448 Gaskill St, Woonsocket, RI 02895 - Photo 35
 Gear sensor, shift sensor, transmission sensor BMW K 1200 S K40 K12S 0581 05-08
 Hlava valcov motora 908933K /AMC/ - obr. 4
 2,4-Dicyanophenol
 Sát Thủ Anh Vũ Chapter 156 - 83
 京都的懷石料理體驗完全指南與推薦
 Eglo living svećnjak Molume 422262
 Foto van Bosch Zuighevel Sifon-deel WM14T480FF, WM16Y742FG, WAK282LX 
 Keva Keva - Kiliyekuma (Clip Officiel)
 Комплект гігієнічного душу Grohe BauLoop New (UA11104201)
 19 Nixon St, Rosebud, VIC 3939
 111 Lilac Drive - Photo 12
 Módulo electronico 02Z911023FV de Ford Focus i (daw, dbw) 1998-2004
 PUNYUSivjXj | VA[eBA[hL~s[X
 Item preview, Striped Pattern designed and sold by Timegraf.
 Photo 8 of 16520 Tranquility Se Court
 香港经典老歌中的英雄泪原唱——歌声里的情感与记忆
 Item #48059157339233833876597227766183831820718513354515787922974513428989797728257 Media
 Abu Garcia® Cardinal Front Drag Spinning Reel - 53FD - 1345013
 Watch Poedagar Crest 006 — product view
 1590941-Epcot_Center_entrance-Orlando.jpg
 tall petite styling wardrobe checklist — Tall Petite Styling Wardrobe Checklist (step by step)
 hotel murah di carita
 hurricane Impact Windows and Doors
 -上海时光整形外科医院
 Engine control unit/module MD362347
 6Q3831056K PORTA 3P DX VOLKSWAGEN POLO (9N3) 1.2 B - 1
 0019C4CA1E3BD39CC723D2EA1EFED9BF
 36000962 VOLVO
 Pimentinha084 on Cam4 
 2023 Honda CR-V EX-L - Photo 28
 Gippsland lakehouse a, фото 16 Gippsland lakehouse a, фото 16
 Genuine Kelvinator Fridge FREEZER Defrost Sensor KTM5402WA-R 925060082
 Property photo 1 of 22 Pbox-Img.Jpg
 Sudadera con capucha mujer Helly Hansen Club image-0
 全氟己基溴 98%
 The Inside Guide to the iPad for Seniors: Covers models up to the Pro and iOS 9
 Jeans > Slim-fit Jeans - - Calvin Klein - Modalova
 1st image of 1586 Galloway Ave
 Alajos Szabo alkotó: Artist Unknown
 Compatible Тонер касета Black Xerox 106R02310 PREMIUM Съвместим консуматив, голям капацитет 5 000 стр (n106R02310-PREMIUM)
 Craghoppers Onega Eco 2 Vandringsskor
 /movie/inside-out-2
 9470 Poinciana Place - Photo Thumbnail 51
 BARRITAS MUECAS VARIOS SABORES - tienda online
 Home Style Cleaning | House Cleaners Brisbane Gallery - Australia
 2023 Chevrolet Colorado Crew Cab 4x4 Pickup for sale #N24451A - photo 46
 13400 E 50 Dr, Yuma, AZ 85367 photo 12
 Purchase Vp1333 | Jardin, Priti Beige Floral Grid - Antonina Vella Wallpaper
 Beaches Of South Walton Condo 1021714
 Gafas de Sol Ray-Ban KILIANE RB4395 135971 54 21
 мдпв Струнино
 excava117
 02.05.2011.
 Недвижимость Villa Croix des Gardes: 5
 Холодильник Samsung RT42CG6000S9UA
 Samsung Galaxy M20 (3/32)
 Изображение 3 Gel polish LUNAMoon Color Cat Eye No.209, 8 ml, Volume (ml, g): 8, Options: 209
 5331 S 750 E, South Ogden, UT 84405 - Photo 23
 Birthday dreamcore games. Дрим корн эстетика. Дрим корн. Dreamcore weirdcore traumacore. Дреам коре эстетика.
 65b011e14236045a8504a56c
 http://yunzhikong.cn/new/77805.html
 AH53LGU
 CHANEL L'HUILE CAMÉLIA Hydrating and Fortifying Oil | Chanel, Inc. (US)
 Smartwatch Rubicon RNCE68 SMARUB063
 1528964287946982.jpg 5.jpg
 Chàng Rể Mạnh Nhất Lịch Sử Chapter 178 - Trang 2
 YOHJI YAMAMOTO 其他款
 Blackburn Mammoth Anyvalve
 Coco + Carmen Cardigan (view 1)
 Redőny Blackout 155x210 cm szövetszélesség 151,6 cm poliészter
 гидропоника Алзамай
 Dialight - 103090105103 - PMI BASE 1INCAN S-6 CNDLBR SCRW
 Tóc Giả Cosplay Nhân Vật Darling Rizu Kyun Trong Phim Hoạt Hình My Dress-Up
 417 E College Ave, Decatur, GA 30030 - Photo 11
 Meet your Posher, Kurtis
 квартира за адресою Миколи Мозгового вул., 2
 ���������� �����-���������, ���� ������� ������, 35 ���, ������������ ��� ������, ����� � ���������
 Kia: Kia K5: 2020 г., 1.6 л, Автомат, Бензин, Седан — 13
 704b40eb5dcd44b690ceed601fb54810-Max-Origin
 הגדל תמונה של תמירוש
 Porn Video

> _What you will do_
All lines from the opening of the records through the line where "6Q3831056K PORTA 3P" occurs are to be output verbatim. No other line belongs in the answer.

> _Exercise output_
448 Gaskill St, Woonsocket, RI 02895 - Photo 35
 Gear sensor, shift sensor, transmission sensor BMW K 1200 S K40 K12S 0581 05-08
 Hlava valcov motora 908933K /AMC/ - obr. 4
 2,4-Dicyanophenol
 Sát Thủ Anh Vũ Chapter 156 - 83
 京都的懷石料理體驗完全指南與推薦
 Eglo living svećnjak Molume 422262
 Foto van Bosch Zuighevel Sifon-deel WM14T480FF, WM16Y742FG, WAK282LX 
 Keva Keva - Kiliyekuma (Clip Officiel)
 Комплект гігієнічного душу Grohe BauLoop New (UA11104201)
 19 Nixon St, Rosebud, VIC 3939
 111 Lilac Drive - Photo 12
 Módulo electronico 02Z911023FV de Ford Focus i (daw, dbw) 1998-2004
 PUNYUSivjXj | VA[eBA[hL~s[X
 Item preview, Striped Pattern designed and sold by Timegraf.
 Photo 8 of 16520 Tranquility Se Court
 香港经典老歌中的英雄泪原唱——歌声里的情感与记忆
 Item #48059157339233833876597227766183831820718513354515787922974513428989797728257 Media
 Abu Garcia® Cardinal Front Drag Spinning Reel - 53FD - 1345013
 Watch Poedagar Crest 006 — product view
 1590941-Epcot_Center_entrance-Orlando.jpg
 tall petite styling wardrobe checklist — Tall Petite Styling Wardrobe Checklist (step by step)
 hotel murah di carita
 hurricane Impact Windows and Doors
 -上海时光整形外科医院
 Engine control unit/module MD362347
 6Q3831056K PORTA 3P DX VOLKSWAGEN POLO (9N3) 1.2 B - 1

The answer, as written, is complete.